AIAA Scitech 2019 Forum, Jan 2019

Data mining techniques are widely used for anomaly detection in the commercial fixed-wing aviation domain to retrospectively improve operational safety. However, analyses of flight data records for anomaly detection in the rotorcraft domain are not as prevalent, potentially due to the lack of installed flight data recorders and vague definitions of phases of flight. In particular, the 2017 National Transportation Safety Board (NTSB) most wanted list recommended expanding the use of recorders in helicopters. This will probably best be tackled by helicopter operators and/or government agencies. In this research, we focus on the definition and identification of phases of flight for rotorcraft operations to pave the way for potential anomaly detection analyses. This paper first reviews the various definitions of phases of flight for rotorcraft and fixed-wing aircraft operations found in the literature. Then, some preliminary definitions for each phase of flight for helicopter operations are proposed and subject matter experts’ opinions are gathered to adjust the aforementioned definitions and determine feasible phases of flight sequences.

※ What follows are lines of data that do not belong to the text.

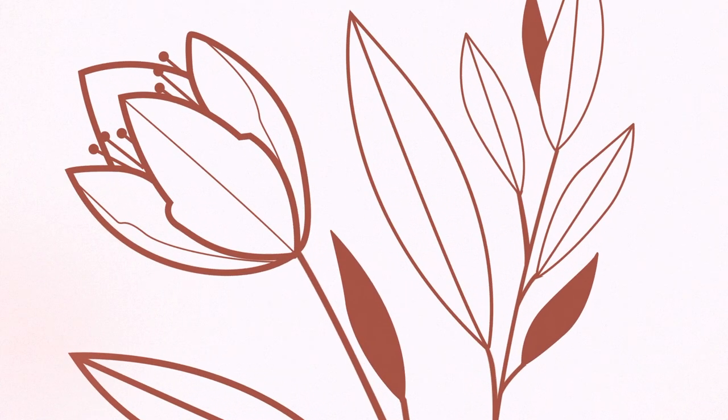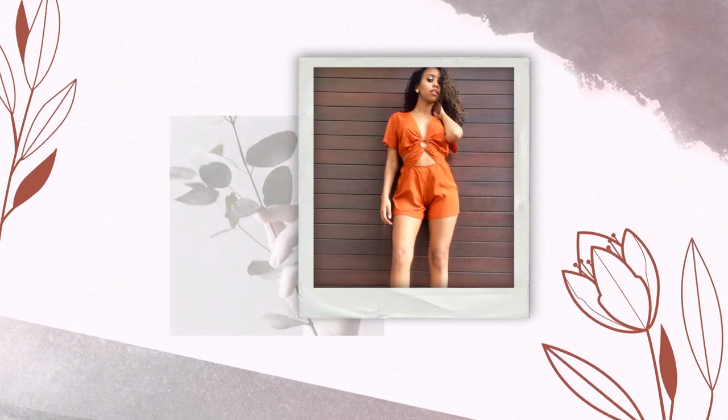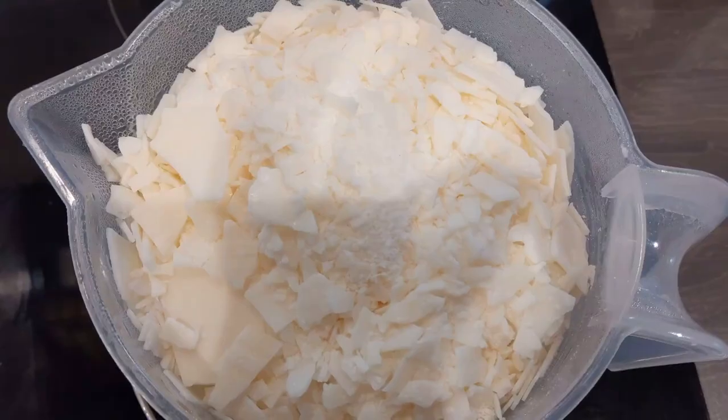Hi guys, what's up and welcome back to my YouTube channel. Thank you so much for tuning in to yet another video. In today's video I'm going to show you how I make my famous bubble candles, which are all over Instagram and TikTok.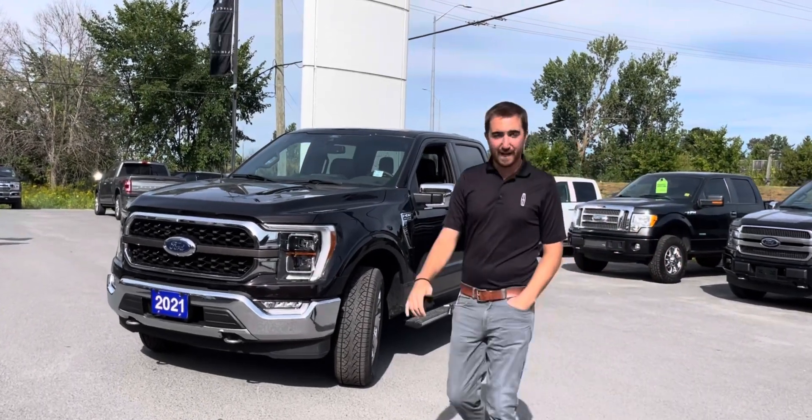Hey folks, Joel here with Braden Ford again. Today I'm going to be showing you how to use adaptive cruise control. We're going to be taking a trip on the 401, setting the cruise control, setting the distances, everything. So if you just picked up a new Ford or Lincoln, I'm going to teach you how to use it.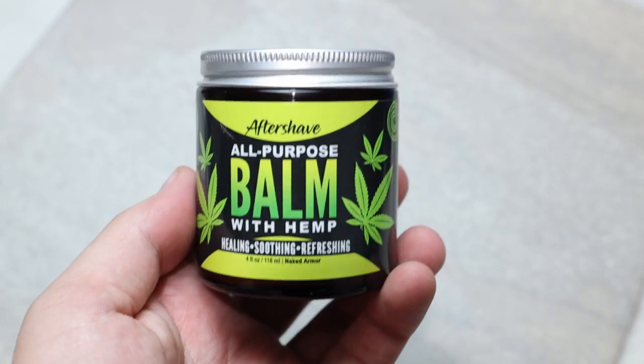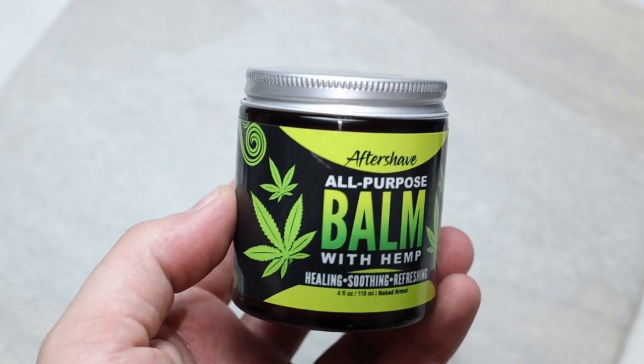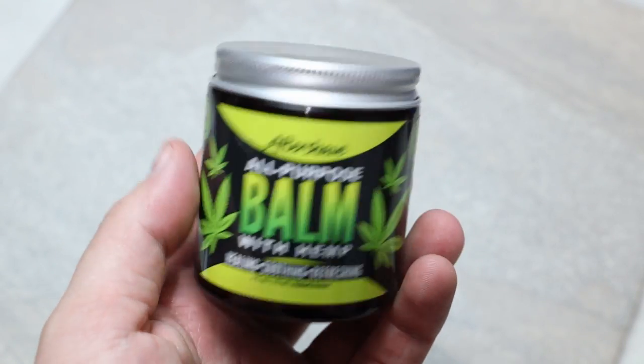So it really is kind of an all-purpose balm. From my experience using Naked Armor's aftershave balm, this product is unique for two main reasons: one, it's an aftershave that is a balm, which I haven't tried before and haven't really seen many of; and two, that hemp oil.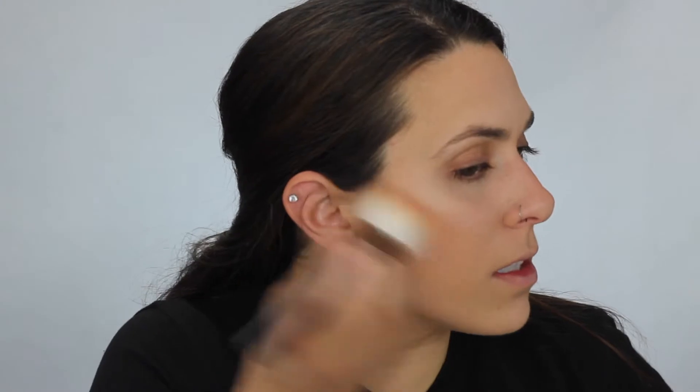I'm gonna jump right into bronzer. This is the Butter Bronzer in Sunkissed by Physicians Formula. I'm going in with this bronzing brush here. I'm gonna take a little bit and just go across the bridge of my nose, because naturally that is where the sun will hit. Then I'm going into the Girls Getaway Trio by the Balm Cosmetics — taking the bronzing shade just to deepen it up a little bit.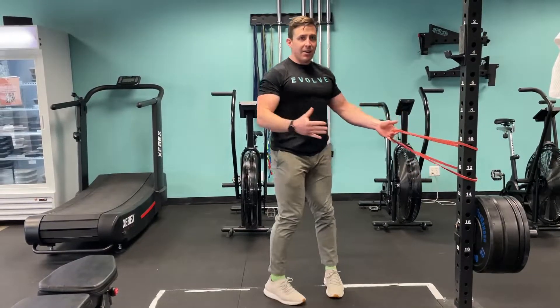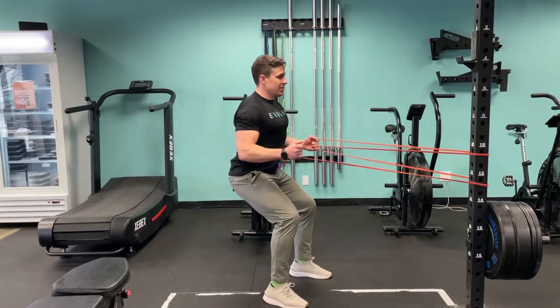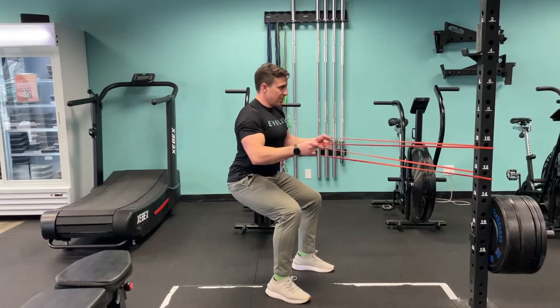Opening my sternum, coming back and down — not shrugging up into my neck. I'm almost thinking my elbows are going down and behind me somewhere, as opposed to back and above me. So that's our squat hold with a band row.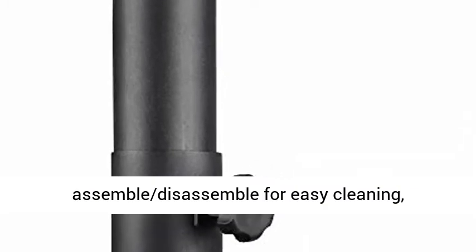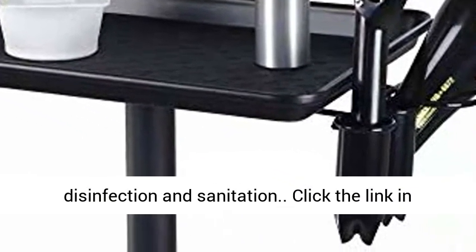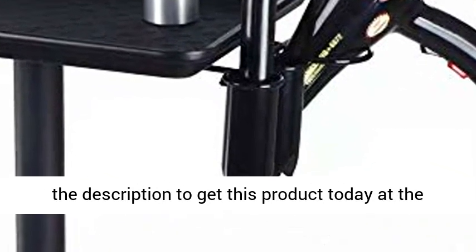Easy to assemble and disassemble for easy cleaning, disinfection, and sanitation. Click the link in the description to get this product today at the best price.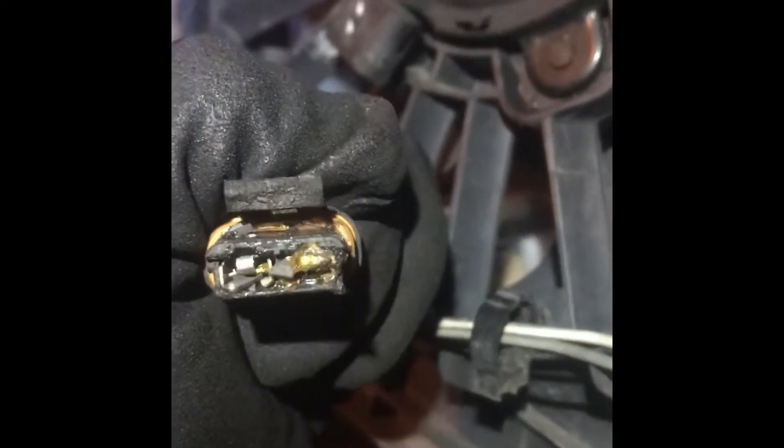I'm gonna show y'all what's going on. You see that? All that corrosion and stuff. So not only is this customer gonna need a new wiring harness, we're gonna fix the electricals and fix the harness as well. Now, this is part of the problem right here.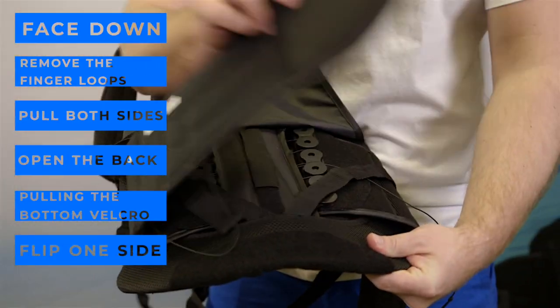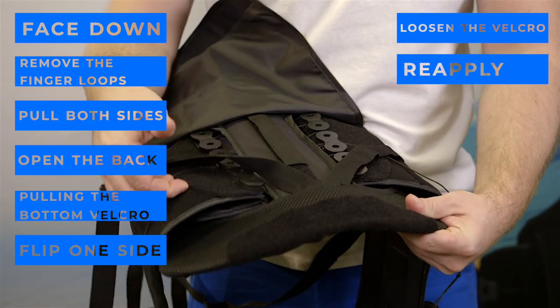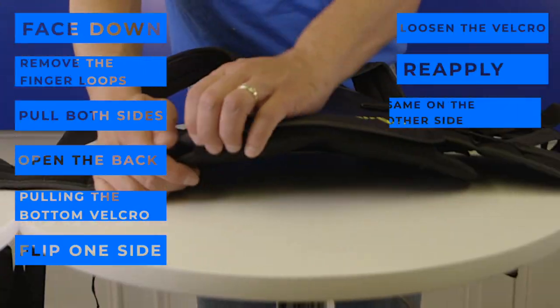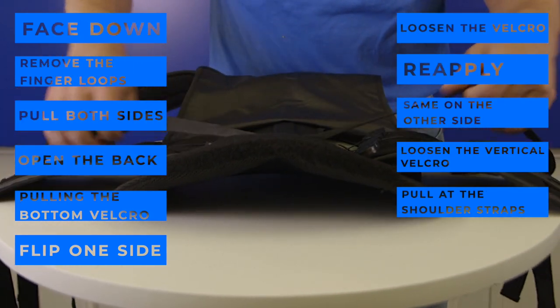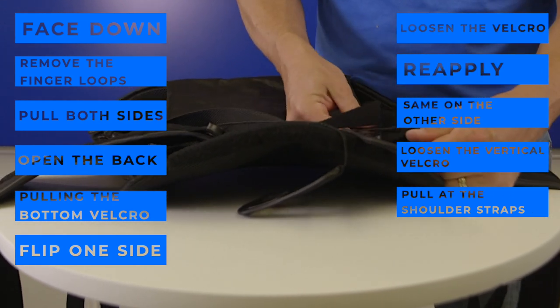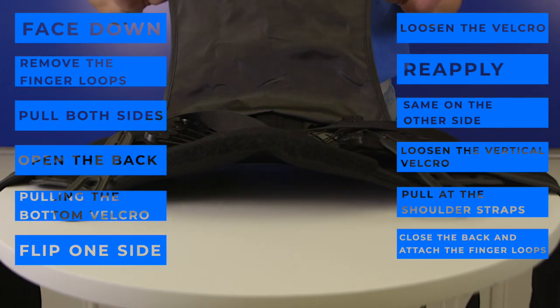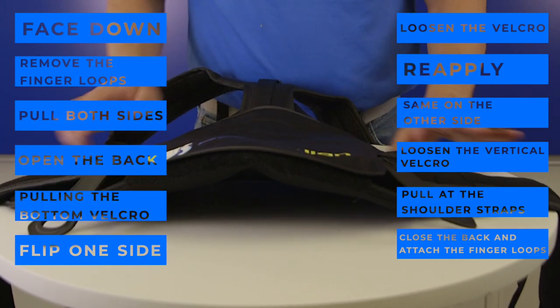Flip one side of the belt over, showing you the size guide. Loosen the velcro and then reapply back to your waist size. Do the same for the other side. Loosen the vertical velcro and pull the shoulder straps up to where the top of the brace is approximately six inches above the back panel. Close the back of the brace. Attach the finger loops to the brace so that you can easily grab them when putting on.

A set of evaluation criteria is then developed to judge the quality of the results from the phases of flight identification and a methodology to identify phases of flight for various types of operations is presented. Several flight samples with pre-labeled phases of flight were tested using different phase detection techniques. Results show that the proposed regression-based method with sliding window outperforms other candidate methods. With the flight phases information available for rotorcraft operations, different perspectives of flight data records may be revealed and may further facilitate the detection of anomalies in the data.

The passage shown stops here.